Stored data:
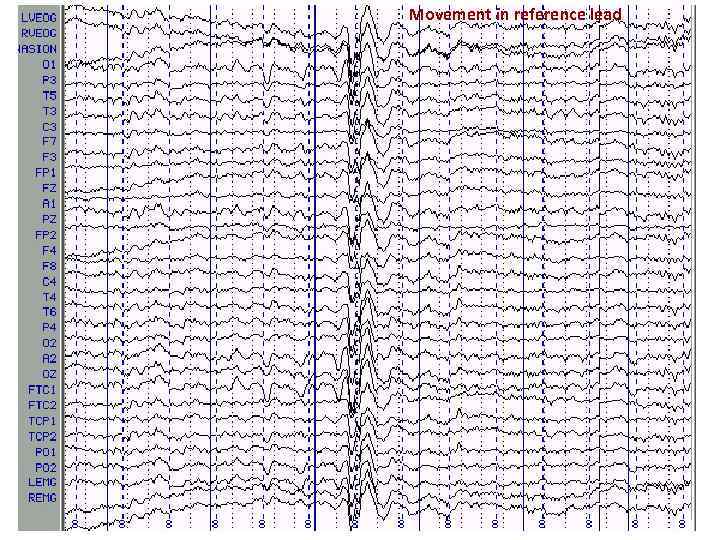 Movement in reference lead 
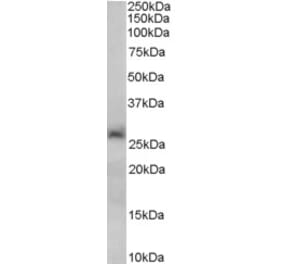 Western Blot - Anti-SIRT3 Antibody (A82814) - Antibodies.com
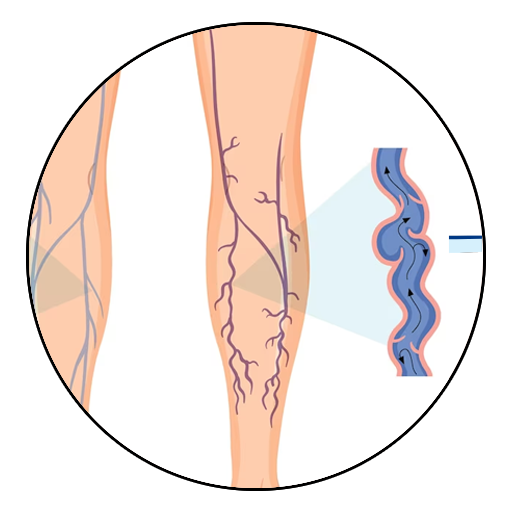 Varicose Veins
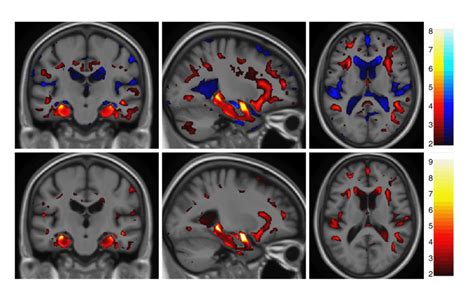 Statistical Maps Of Brain Atrophy In The Selected Population N120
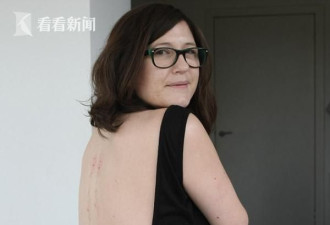 想起来都疼，英国女子为治病每周被蜜蜂蜇30次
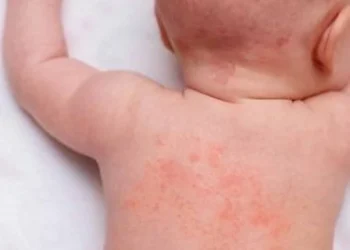 heat rash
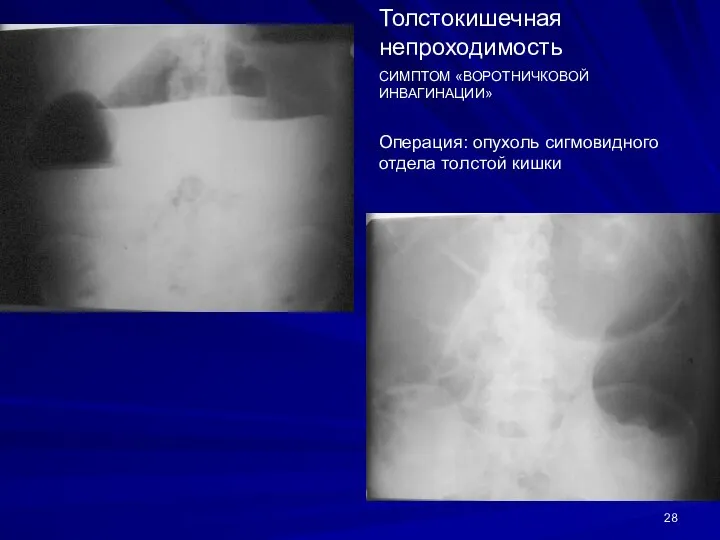 Толстокишечная непроходимость СИМПТОМ «ВОРОТНИЧКОВОЙ ИНВАГИНАЦИИ» Операция: опухоль сигмовидного отдела толстой кишки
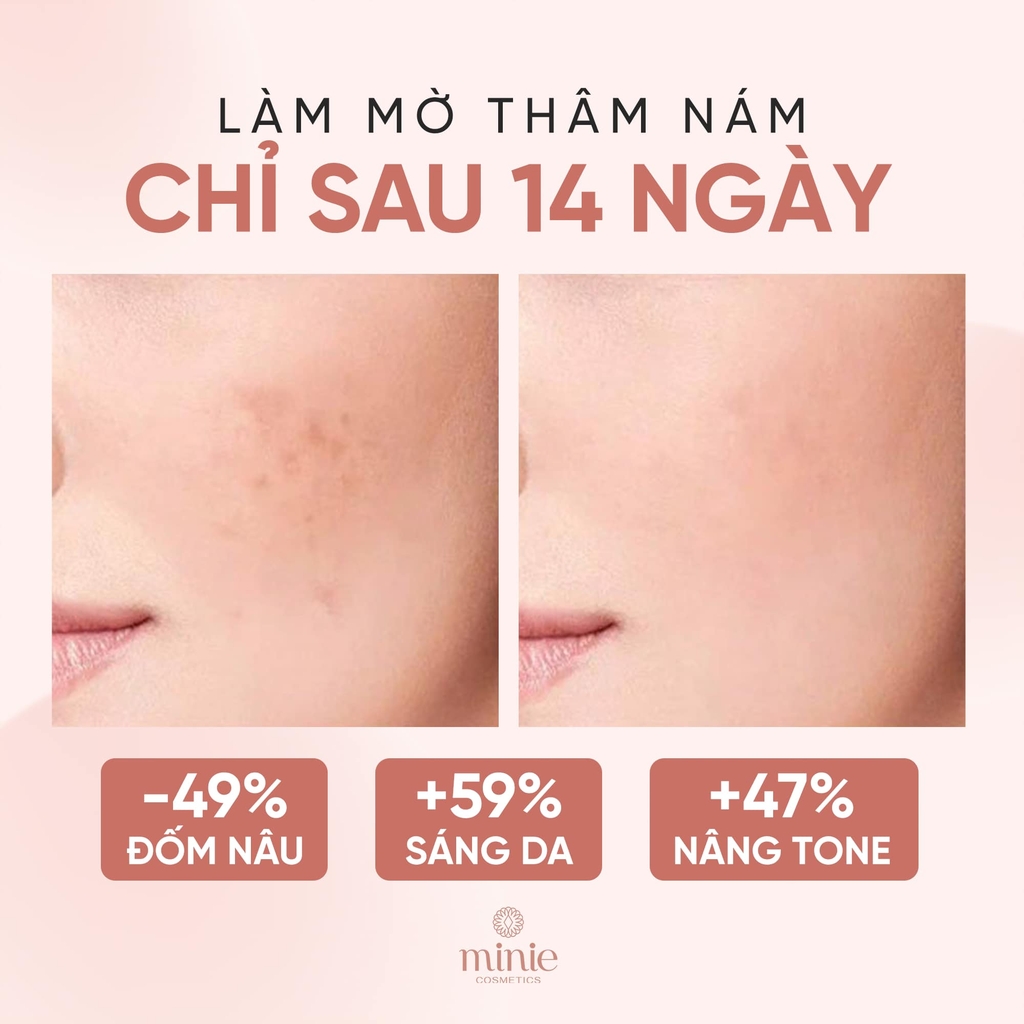 Kem Dưỡng Ban Ngày Hỗ Trợ Mờ Thâm Nám L'Oreal Glycolic Bright Glowing Cream Day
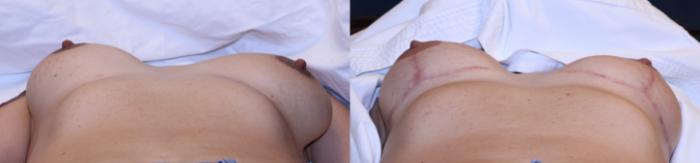 Before & After Complex Cases Case 538 Supine View in Toledo, Ohio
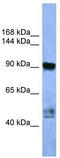 Adaptor Related Protein Complex 2 Subunit Alpha 2 antibody, TA342803, Origene, Western Blot image 
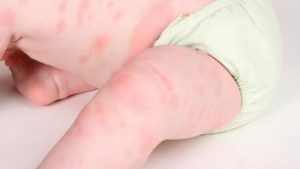 Triệu chứng dị ứng gluten ở trẻ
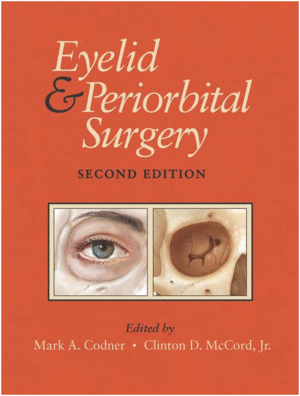 EYELID AND PERIORBITAL SURGERY, 2ND EDITION. (BOOK + EBOOK)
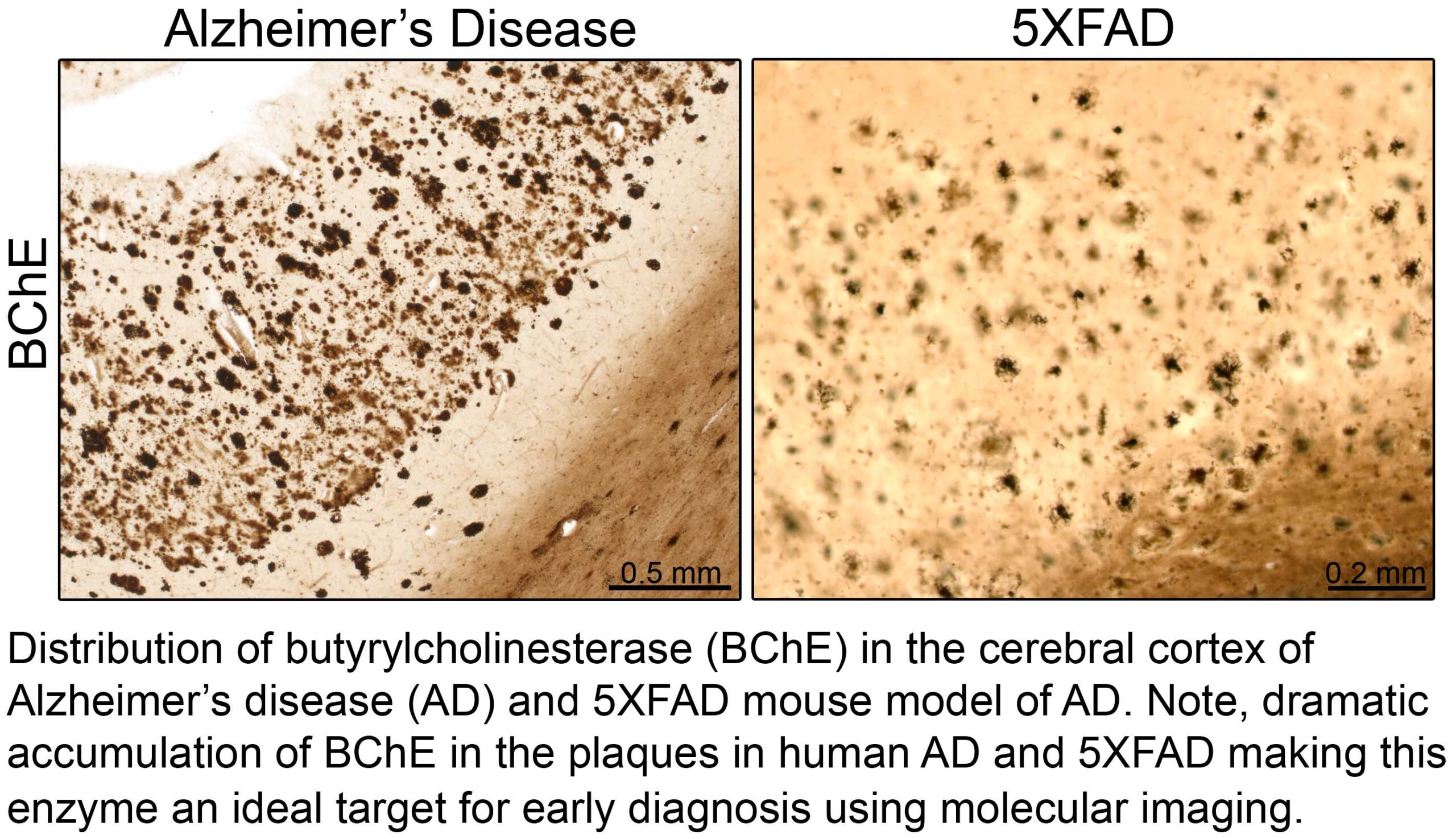 AD Human vs 5XFAD BChE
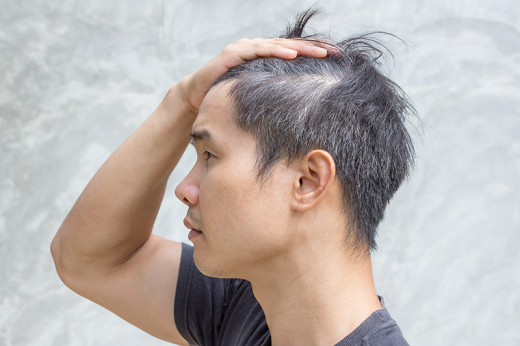 脫髮改善|脫髮原因是甚麼？防脫髮洗頭水可以防止甩頭髮？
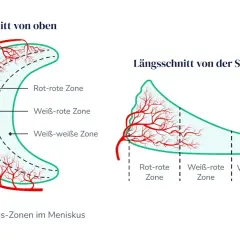 Darstellung der Durchblutungszonen im Meniskus. Wichtig für die Heilung bei Meniskusriss Symptome Test.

WHAT YOU SHOULD DO: In your copy, include no pictures; print every line above exactly.

SOLUTION FOR THIS TASK:
 Movement in reference lead 
 Western Blot - Anti-SIRT3 Antibody (A82814) - Antibodies.com
 Varicose Veins
 Statistical Maps Of Brain Atrophy In The Selected Population N120
 想起来都疼，英国女子为治病每周被蜜蜂蜇30次
 heat rash
 Толстокишечная непроходимость СИМПТОМ «ВОРОТНИЧКОВОЙ ИНВАГИНАЦИИ» Операция: опухоль сигмовидного отдела толстой кишки
 Kem Dưỡng Ban Ngày Hỗ Trợ Mờ Thâm Nám L'Oreal Glycolic Bright Glowing Cream Day
 Before & After Complex Cases Case 538 Supine View in Toledo, Ohio
 Adaptor Related Protein Complex 2 Subunit Alpha 2 antibody, TA342803, Origene, Western Blot image 
 Triệu chứng dị ứng gluten ở trẻ
 EYELID AND PERIORBITAL SURGERY, 2ND EDITION. (BOOK + EBOOK)
 AD Human vs 5XFAD BChE
 脫髮改善|脫髮原因是甚麼？防脫髮洗頭水可以防止甩頭髮？
 Darstellung der Durchblutungszonen im Meniskus. Wichtig für die Heilung bei Meniskusriss Symptome Test.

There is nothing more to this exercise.